START COLLECTED DATA
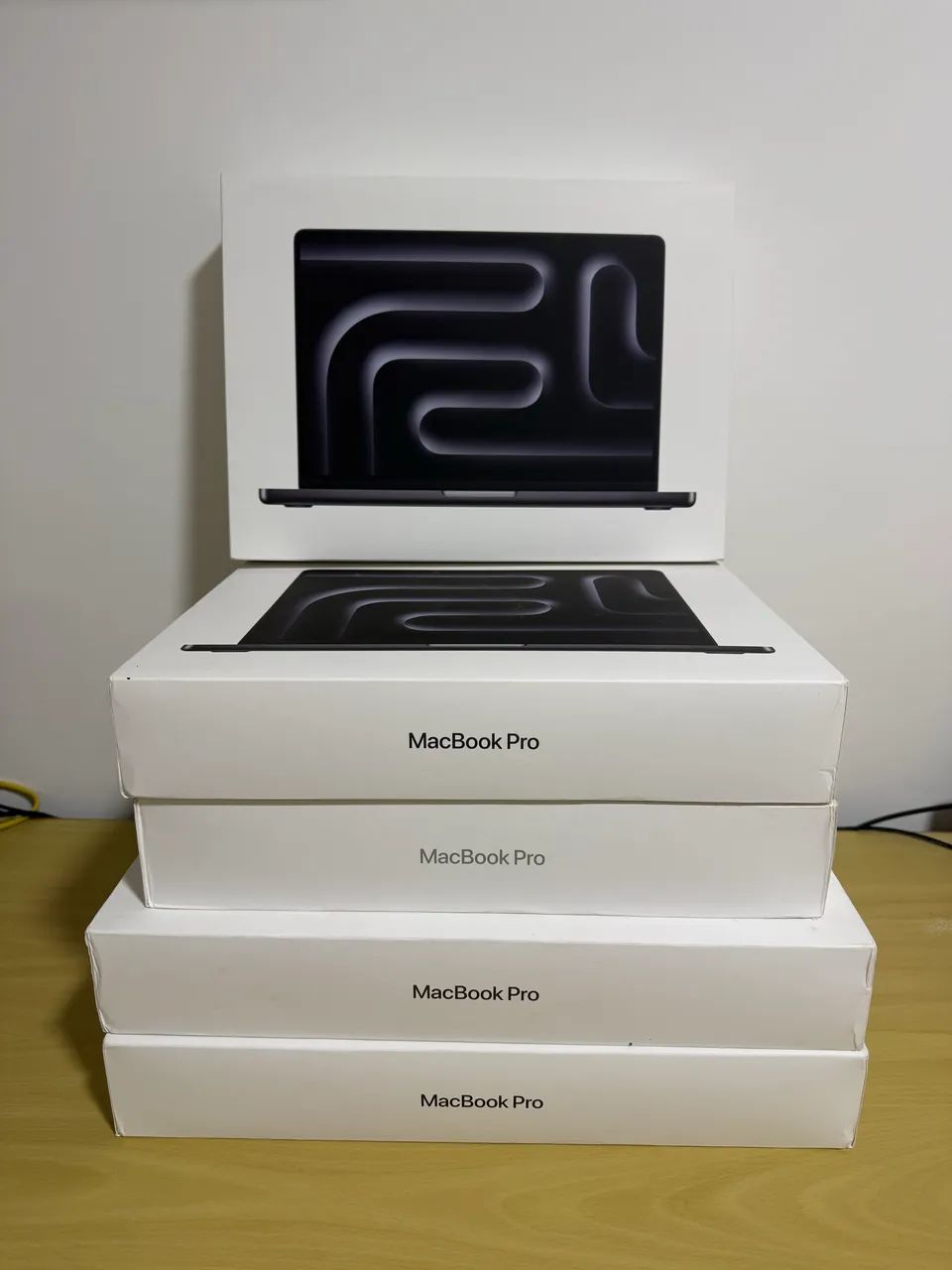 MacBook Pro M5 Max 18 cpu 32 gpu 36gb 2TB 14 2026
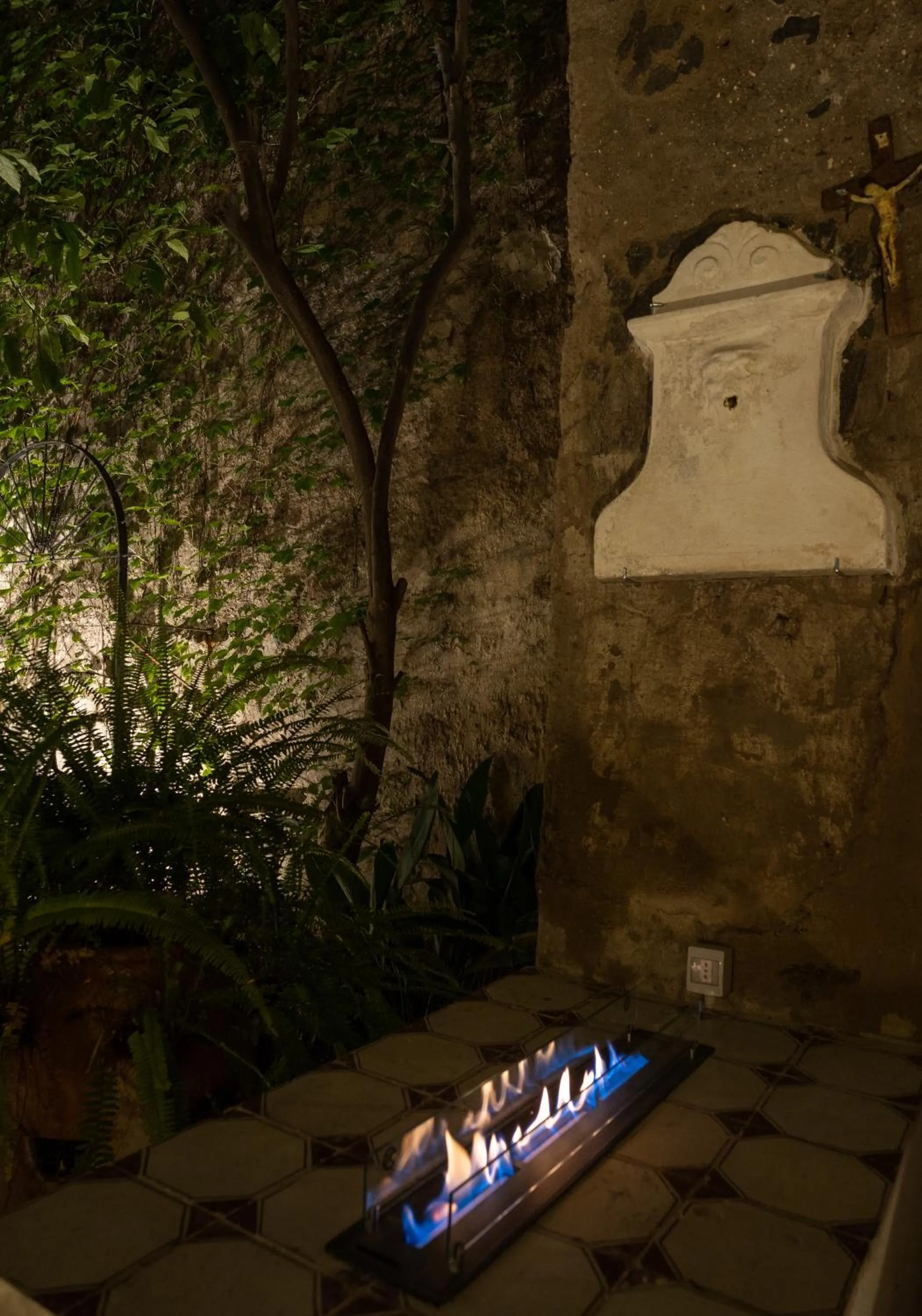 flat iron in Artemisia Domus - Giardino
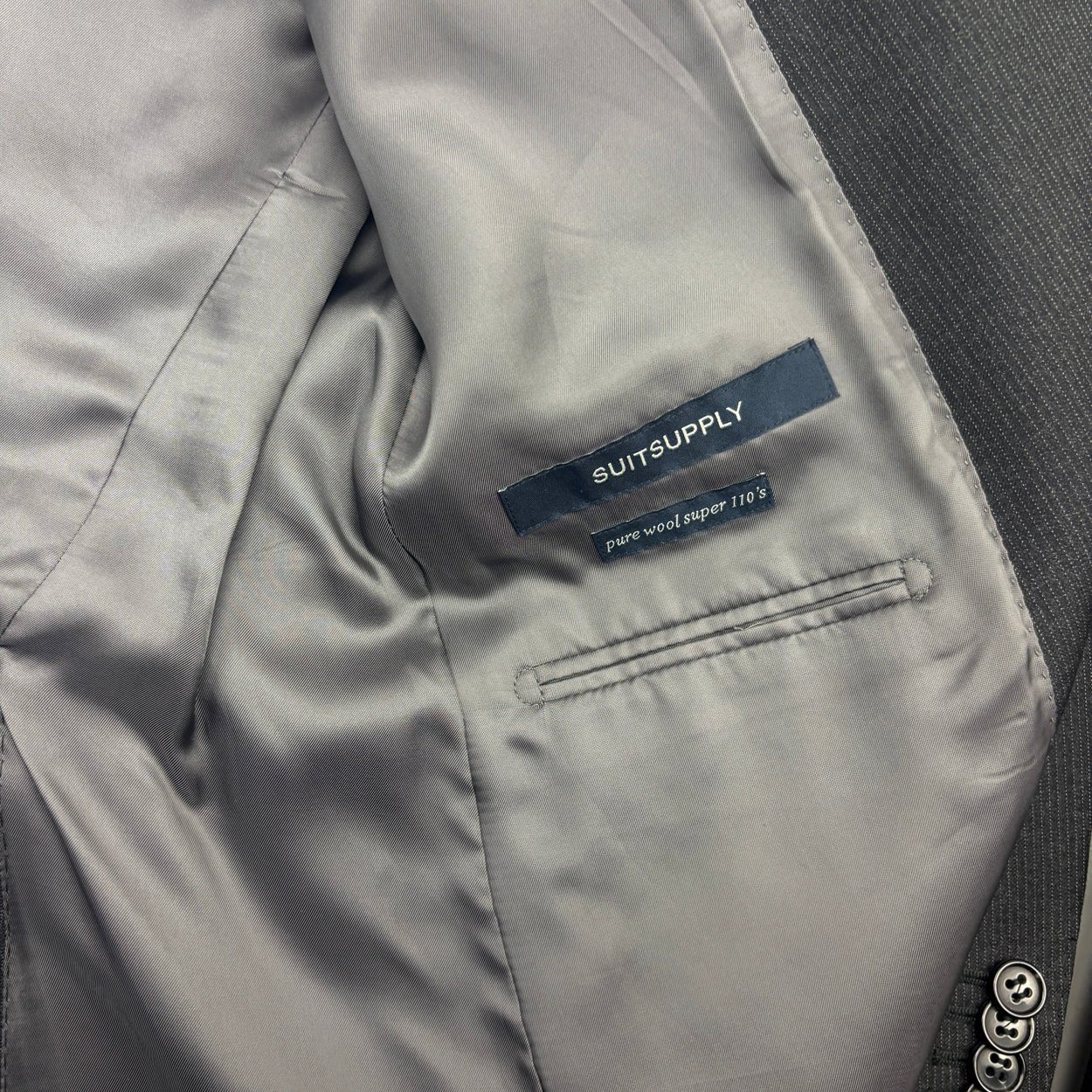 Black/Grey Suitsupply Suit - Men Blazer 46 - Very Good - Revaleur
END COLLECTED DATA
**ABOUT THIS TASK**
Copy the data exactly. Any picture it contains is to be omitted.

**RESPONSE AREA**
 MacBook Pro M5 Max 18 cpu 32 gpu 36gb 2TB 14 2026
 flat iron in Artemisia Domus - Giardino
 Black/Grey Suitsupply Suit - Men Blazer 46 - Very Good - Revaleur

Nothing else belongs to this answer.